Review: Izanasz – Fāl-gūsh
Awake at 4am. Can’t sleep. Stranded between the day just passed and the day to come, unable to purge the obscure visions, thoughts and doubts that seize the times of stillness. Anxieties inflate to twice their normal size. Imagined sounds adopt the clarity of noises from the world outside. The hour-long composition Fāl-gūsh was largely recorded during these sleepless nights, perhaps as a means of unfastening the thinking mind from this swarm of nocturnal distraction, both to relieve the burden and to observe this brew of interferences from a disconnected distance. Recording offers a way to sweep this cognitive load away, and Fāl-gūsh is essentially built from the gunk that stuck to the brush.

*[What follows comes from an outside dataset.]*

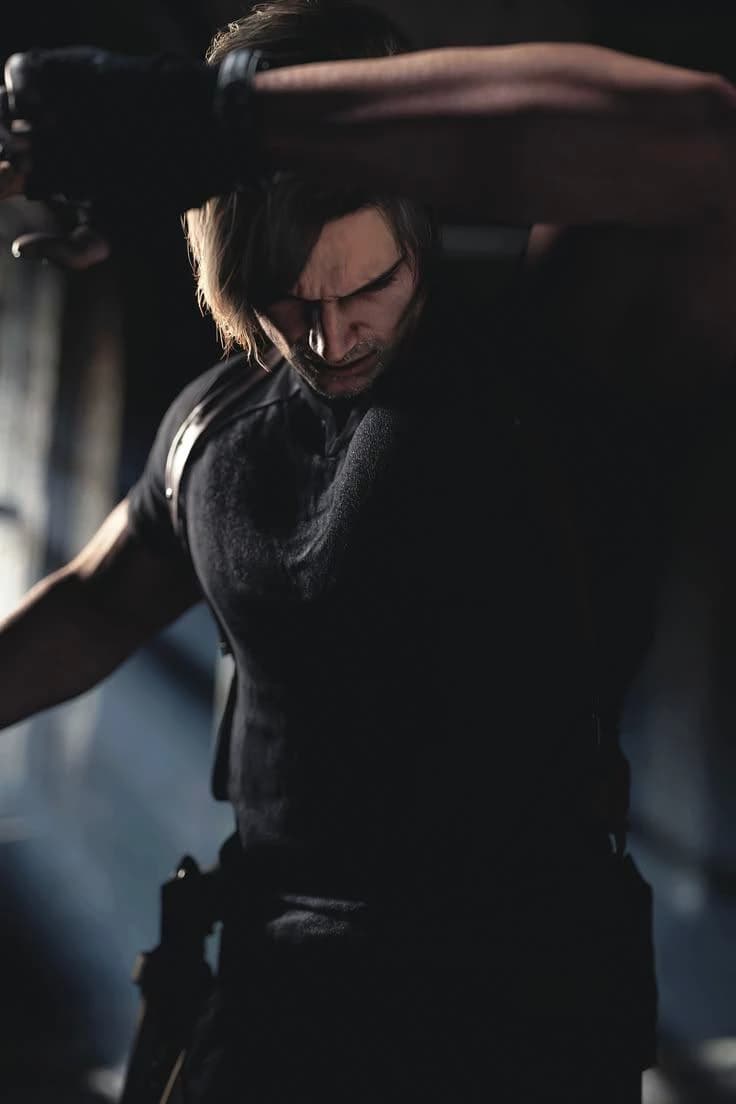 Leon Kennedy★ thumbnail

The textures fall into two main categories, with many bleeding over the boundary between the two. The first category disrupts the onset of sleep: the constant throb and hum of passing planes, the shrill hiss of synthesised drills, the piercing beams of spotlights. These are the sounds that rupture the path to sleep. They press against my head, cutting through the softness of the night with serrated edges. The second category is the hallucinations of a logical mind running slack: the ambiences that teem and flow like spilt beakers of brightly-coloured paint, the reverse guitars that bloat and bend like hunks of gelatine, the melodies that arrive in slurs and woozy dissonances, veering dangerously between states of hope and horror. Little motifs bounce to the foreground like advert jingles that won’t leave me alone, while field recordings – little trinkets of daytime memory – slink around in the back, obscured by their own blurry, partial recall.

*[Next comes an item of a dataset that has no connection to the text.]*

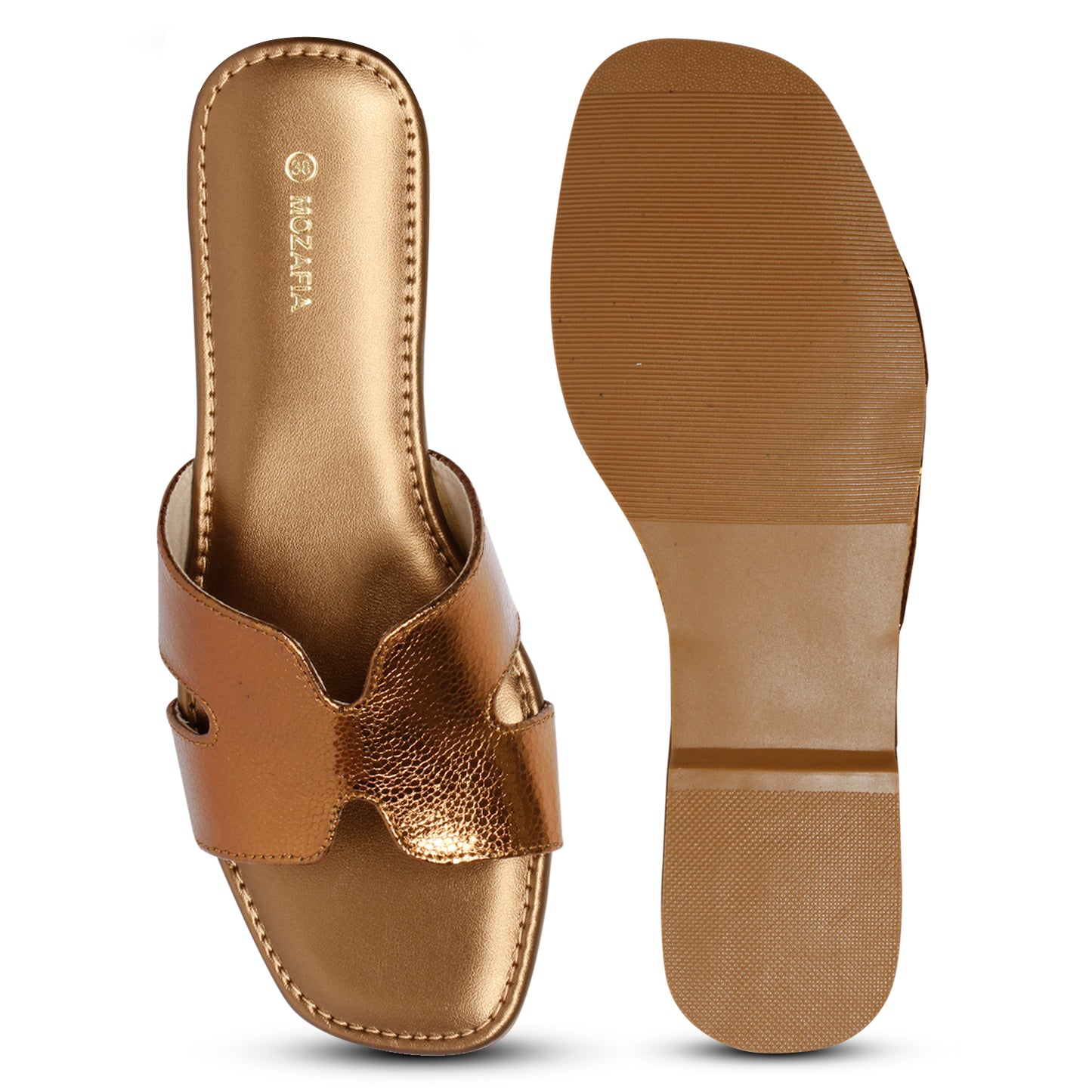 Mozafia Sparkle Women Slipper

I never know if I’m about to enter a phase of psychedelic meltdown, or endure a sudden gravitational thickening, or hear the confessions of a guitar murmuring incoherently. The route ahead is never clear. In a note accompanying the record, Izanasz states: “Fāl-gūsh is the act of standing in a dark corner or behind a fence and listening to the conversations of passer-by, trying to interpret their statements or the subject of their dialogue as an answer to one’s questions.” In the case of this composition, the “passer-by” is the surreal monologue of Izanasz’s nocturnal self, captured so that it might be decrypted and rationalised during the day. Yet just as with the passer-by, what hope is there for the motives of its stranded, hallucinatory, netherworldly other to be comprehended in the light of day? Does Izanasz seek answers from a language that his diurnal self will never understand?